__ACTIVITY__: The material below holds the lines to copy: from the one with "young woman exercising" up to and including the one with "Luxury patio with". Copy them exactly and skip the pictures.

__TASK MATERIAL__:
-- Opening Marker --
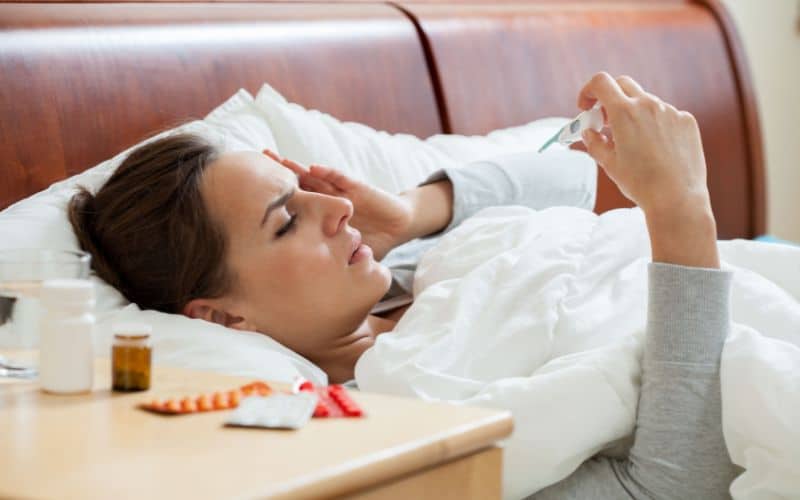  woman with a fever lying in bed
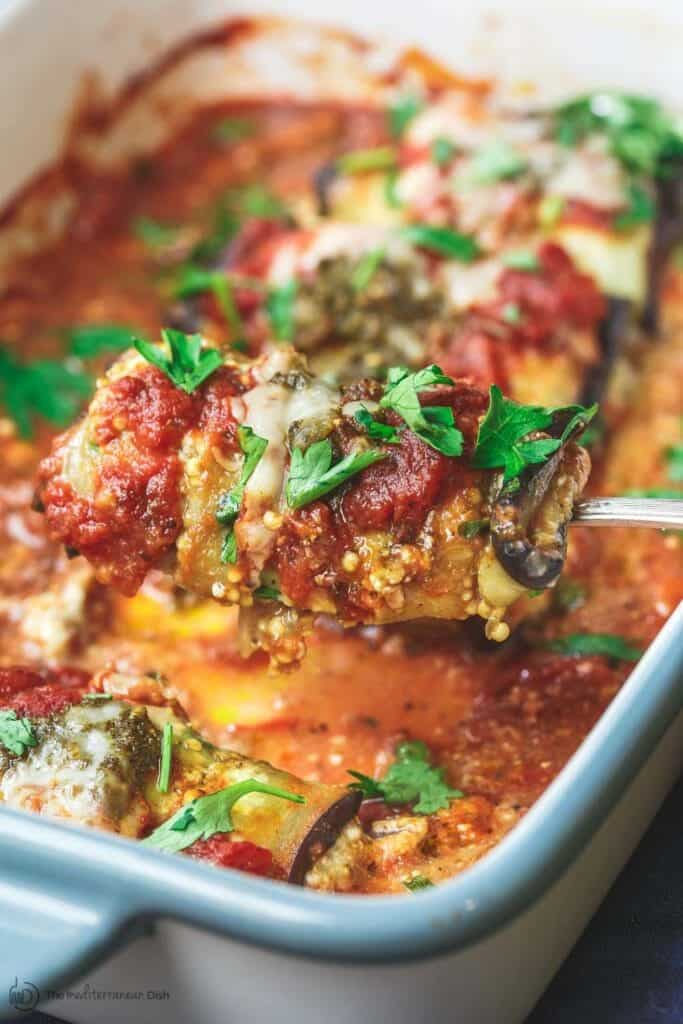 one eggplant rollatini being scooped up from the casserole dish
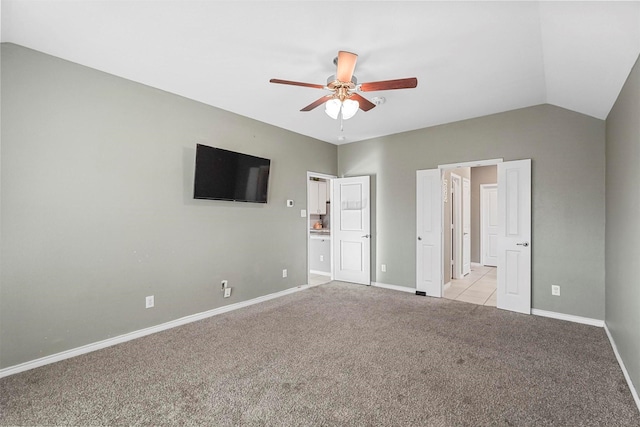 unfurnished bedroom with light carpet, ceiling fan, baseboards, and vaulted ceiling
-- Closing Marker --
-- Opening Marker --
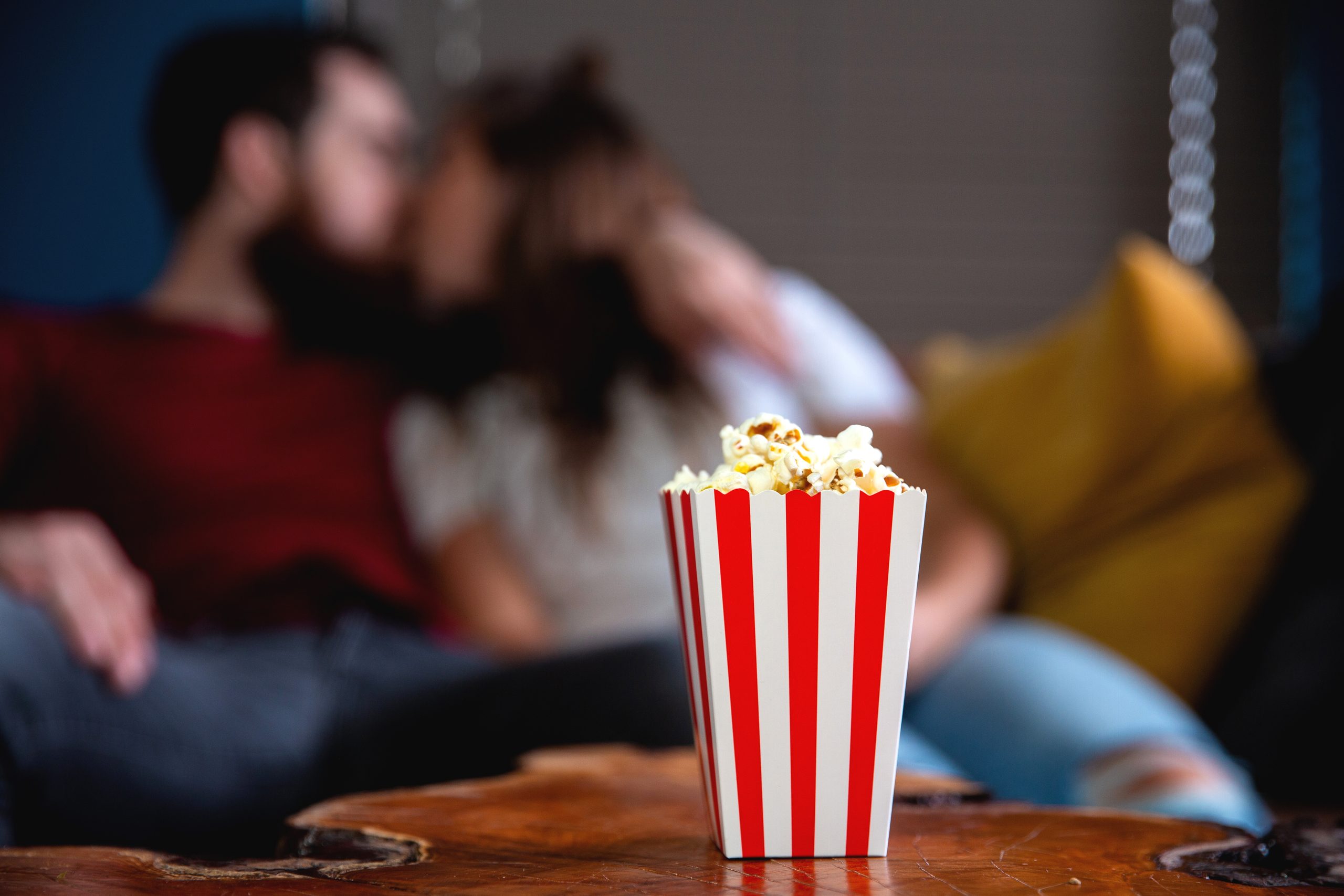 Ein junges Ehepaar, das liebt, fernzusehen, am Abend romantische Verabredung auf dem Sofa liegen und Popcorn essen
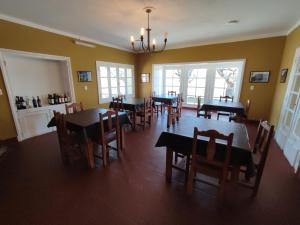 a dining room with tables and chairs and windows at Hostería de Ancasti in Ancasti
-- Closing Marker --
-- Opening Marker --
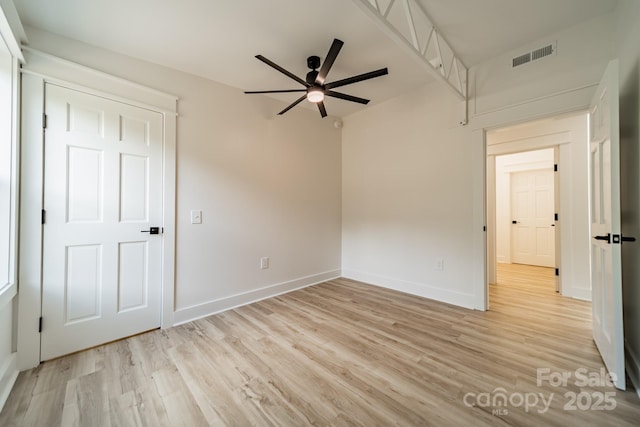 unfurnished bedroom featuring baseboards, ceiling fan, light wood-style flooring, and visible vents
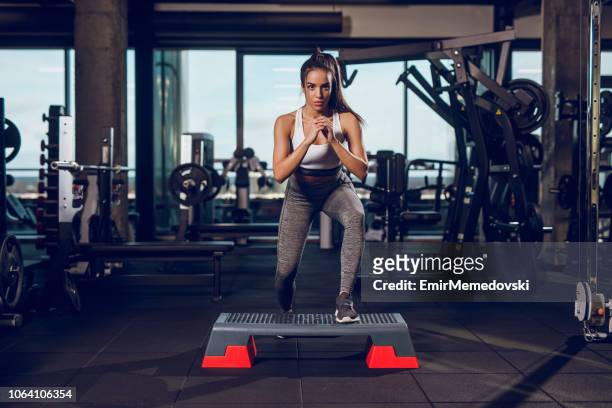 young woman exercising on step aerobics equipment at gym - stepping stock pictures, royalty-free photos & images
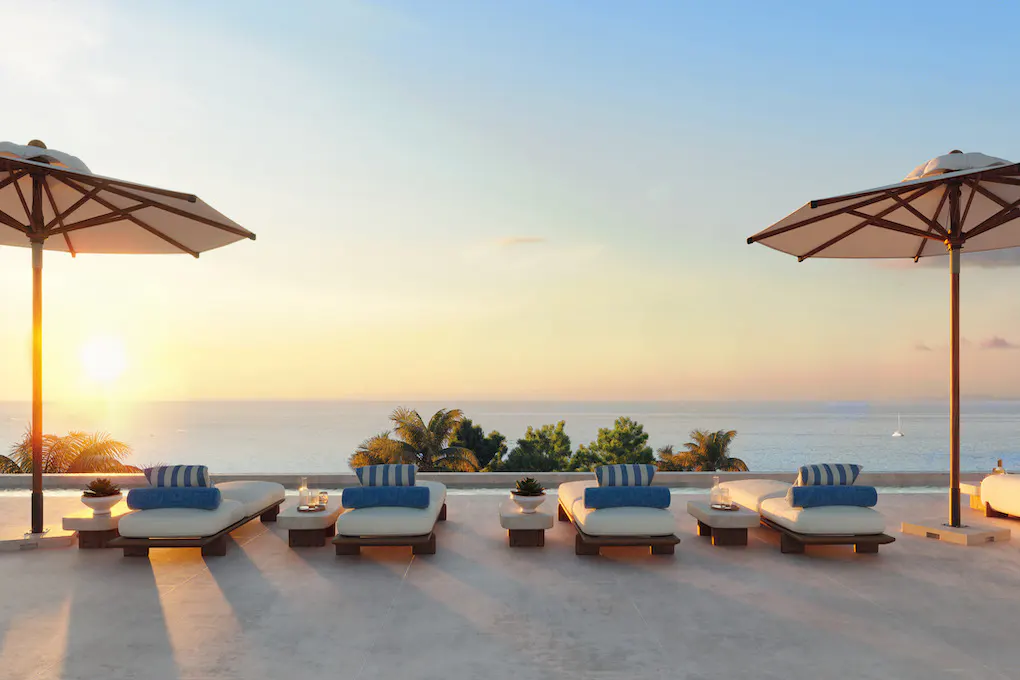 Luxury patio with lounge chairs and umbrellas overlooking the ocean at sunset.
-- Closing Marker --
__SOLVED PROBLEM__:
 young woman exercising on step aerobics equipment at gym - stepping stock pictures, royalty-free photos & images
 Luxury patio with lounge chairs and umbrellas overlooking the ocean at sunset.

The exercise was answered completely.